From: Philippe Verdy (email@example.com)
Date: Thu Dec 09 2004 - 10:04:13 CST
From: "Antoine Leca" <Antoine10646@leca-marti.org>
> Err, not really. MS-DOS *need to know* the encoding to use, a bit like a
> *nix application that displays filenames need to know the encoding to use
> the correct set of glyphs (but constrainst are much more heavy.) Also
> Windows NT Unicode applications know it, because it can't be changed :-).
> But when it comes to other Windows applications (still the more common)

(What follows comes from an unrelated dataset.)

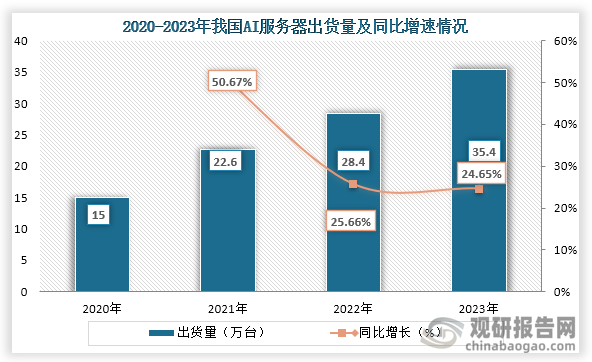 服务器方面，2019年到2023年我国AI服务器出货量从15万台增长到了35.4万台，连续四年出货量为稳定增长趋势。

> happen to operate in 'Ansi' mode, they are subject to the hazard of
> translations. Even if Windows 'knows' the encoding used for the filesystem
> (as when it uses NTFS or Joliet, or VFAT on NT kernels; in the other cases
> it does not even know it, much like with *nix kernels), the only usable
> is the _intersection_ of the set used to write and the set used to read;
> that is, usually, it is restricted to US ASCII, very much like the usable
> set in *nix cases...
True, but this applies to FAT-only filesystems, which happen to store
filenames with a "OEM" charset which is not stored explicitly on the volume.
This is a known caveat even for Unix, when you look at the tricky details of
the support of Windows file sharing through Samba, when the client requests
a file with a "short" 8.3 name, that a partition used by Windows is supposed
In fact, this nightmare comes from the support in Windows of the
compatibility with legacy DOS applications which don't know the details and
don't use the Win32 APIs with Unicode support. Note that DOS applications
use a "OEM" charset which is part of the user settings, not part of the
system settings (see the effects of the command CHCP in a DOS command
FAT32 and NTFS help reconciliate these incompatible charsets because these
filesystems also store a "LFN" (Long File Name) for the same files (in that
case the short name, encoded in some ambiguous OEM charset, is just an
alias, acting exactly like a hard link on Unix created in the same directory
that references the same file). "LFN" names are UTF-16 encoded and support
mostly the same names as in NTFS volumes.
However, on FAT32 volumes, the short names are mandatory, unlike on NTFS
volumes where they can be created "on the fly" by the filesystem driver,
according to the current user settings for the selected OEM charset, without
storing them explicitly on the volume. Windows contains, in CHKDSK, a way to
verify that short names of FAT32 filesystems are properly encoded with a
coherent OEM charset, using the UTF-16 encoded LFN names as a reference. If
needed, corrections for the OEM charset can be applied...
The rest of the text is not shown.